James Wilson was kind enough to point me to some of the problems that gcc has with the peculiarities of IA64. Take, for example, the following little function :

void function(int *a, int *b)
{
    *a = 1;
    *b = 2;
}

Now let's inspect the code that gcc generates for this on 386 and IA64

--- 386 ---
push   %ebp
mov    %esp,%ebp
mov    0x8(%ebp),%edx
movl   $0x3,(%edx)
mov    0xc(%ebp),%edx
movl   $0x4,(%edx)
pop    %ebp
ret

--- ia64 ---
[MMI]       mov r2=3;;
            st4 [r32]=r2
            mov r2=4;;
[MIB]       st4 [r33]=r2
            nop.i 0x0
            br.ret.sptk.many b0;;

Now those of you who know IA64 assembly will see that that function takes three cycles when it really only needs to take two. The ;; signifies a stop, which means that there is a dependency -- i.e. after the mov you need to put a stop before loading it into r32. This is called a "read after write" dependency; you have to tell the processor so that pipeline gets things right. On x86 you don't have to worry about that, as internally the processor breaks down instructions to smaller RISC operations and will schedule the two independently -- the whole point of IA64 and EPIC is that the compiler should figure this out for you.

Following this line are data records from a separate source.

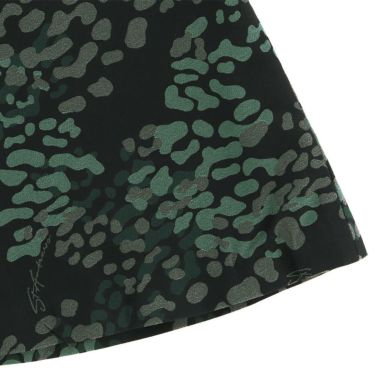 セントアンドリュース St ANDREWS　 レディース リンクスグリーンジャガード スカート 043-2234004 詳細7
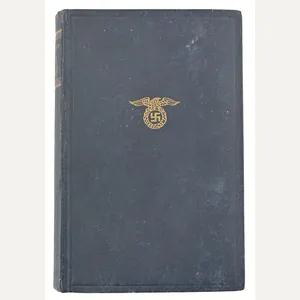 German Adolf Hitler Mein Kampf Book 1934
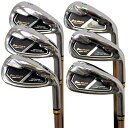 【中古】(新古品) オリマー(ORLIMAR) ワンレングスアイアン 6本組 #5-9.PW ORM777EZ(スリーセブン・イージー) シャフト硬度SR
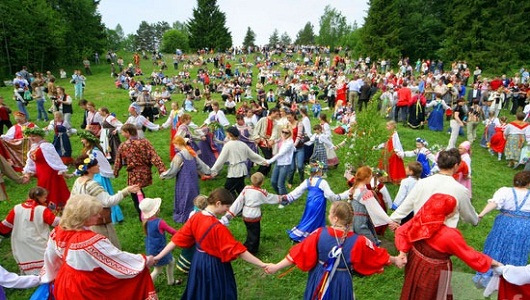 фестиваль русское поле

What we could do is put the two mov instructions into separate registers (remember, we have plenty) and then stop, saving a cycle. Indeed, the Intel compiler does as good a job as one could have by hand :

[MII]       alloc r8=ar.pfs,2,2,0
            mov r3=3
            mov r2=4;;
[MMB]       st4 [r32]=r3
            st4 [r33]=r2
            br.ret.sptk.many b0;;

Now, if you're really good (like James, who did this) you can inspect the gcc optimisation paths (via the -d flags) and realise that at first gcc gets it right, putting the two loads before a stop. But the register optimisation pass jumps in and tries to reduce the lifespan of a registers with a constants in them, breaking up the instructions. On x86 you want this -- it reduces register pressure at the cost of instruction level parallelism; a trade off you are willing to take. On IA64, with plenty of registers and relying on ILP to run fast, it hurts.

People are starting to look at issues like this; but if you've ever peered under the hood of gcc you'll know that it's not for the faint of heart!